Ma nessuno è al sicuro in questa storia, neppure gli euroscettici che hanno fatto il buono e il cattivo tempo negli ultimi anni, complice una May troppo incline a compiacerli. Se non passerà l’accordo, non è detto che sia la loro versione distruttiva di Brexit, ossia il no deal, a prevalere. È molto più probabile che si vada verso una formula di compromesso ampia e annacquata in cui i desideri di indipendenza dovrebbero piegarsi alle esigenze di trovare qualcosa di votabile e accettabile: ci sta lavorando addirittura il leader laburista Jeremy Corbyn, molto più euroscettico nell’animo di tanti Tories ma convinto dall’emorragia di deputati dal suo partito a prendere una linea meno intransigente nei confronti della Brexit e a ribadire la sua idea che occorra mantenere il Paese nell’unione doganale.

In comune con la May ha il fatto di avere un partito spaccato, in cui c’è chi non vuole assolutamente la libera circolazione delle persone. La May, che in questi mesi ha lanciato vari appelli spiegando come la sua sia l’unica alternativa pro-Brexit (che permetterebbe anche a molti dei suoi rivali politici di iniziare a pensare al loro futuro senza questo ingombrante dossier tra i piedi), potrebbe tentare di lanciarne un ultimo, disperato. Chi vuole essere leader di un Paese che, con il no deal, deve ricostruire tutto e vedersela con una crisi economica autoindotta e imprevedibile? Anche «The Spectator», magazine conservatore e pro-Brexit ai tempi del referendum, lo ha fatto presente, senza risparmiare critiche alla May e alla sua gestione dell’intero dossier. «È tempo di voltare pagina rispetto a questo capitolo infelice della nostra storia politica e approvare il suo accordo è il modo più sicuro per farlo», si legge. E forse è proprio questo l’argomento più forte.

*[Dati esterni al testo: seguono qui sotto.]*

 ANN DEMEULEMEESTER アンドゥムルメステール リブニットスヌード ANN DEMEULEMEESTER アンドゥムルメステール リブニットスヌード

Il secondo referendum, che a questo punto più che come violazione della democrazia andrebbe letto come una soluzione ragionevole per uscire dall’impasse, soffre della stessa mancanza di compattezza tra i deputati e, soprattutto, del fatto che un ritorno alle urne terrebbe tutti con il fiato sospeso, essendo l’esito tutt’altro che scontato. Uno studio del Centre for Social and Political Risk dice che i britannici preferiscono bloccare la libera circolazione e l’immigrazione rispetto ad avere accordi commerciali favorevoli: la priorità resta quella e la Brexit ne è una chiara emanazione. Tutti vorrebbero voltare pagina, ma nessuno vuole farlo approvando l’accordo della May.

Perché dopo due anni e mezzo a parlare solo di Brexit, i problemi del Regno Unito stanno iniziando ad emergere e a richiedere più attenzione rispetto all’ipotetica applicazione di un ipotetico backstop sull’Irlanda, basterebbe un po’ di buona volontà negoziale per non sentirlo mai più nominare. A Londra si è iniziato finalmente a parlare con un po’ di serietà della tragedia degli accoltellamenti di giovanissimi: forse c’è voluta la morte di una diciassettenne bianca in un parco per mano di due ragazzi che neanche le hanno parlato perché la crisi, che va avanti da tempo, iniziasse ad essere vista come un allarme sociale e non come qualcosa di circoscritto a pochi gruppi di ragazzi senza futuro delle case popolari. Intanto gli stranieri in città leggono con preoccupazione crescente le notizie e, immobili come tutti nel Paese, organizzano feste, cene e raduni per registrarsi al «settled status», quello che permette di restare nel Regno Unito dopo la Brexit. Facendo buon viso a un gioco cattivo e inutile.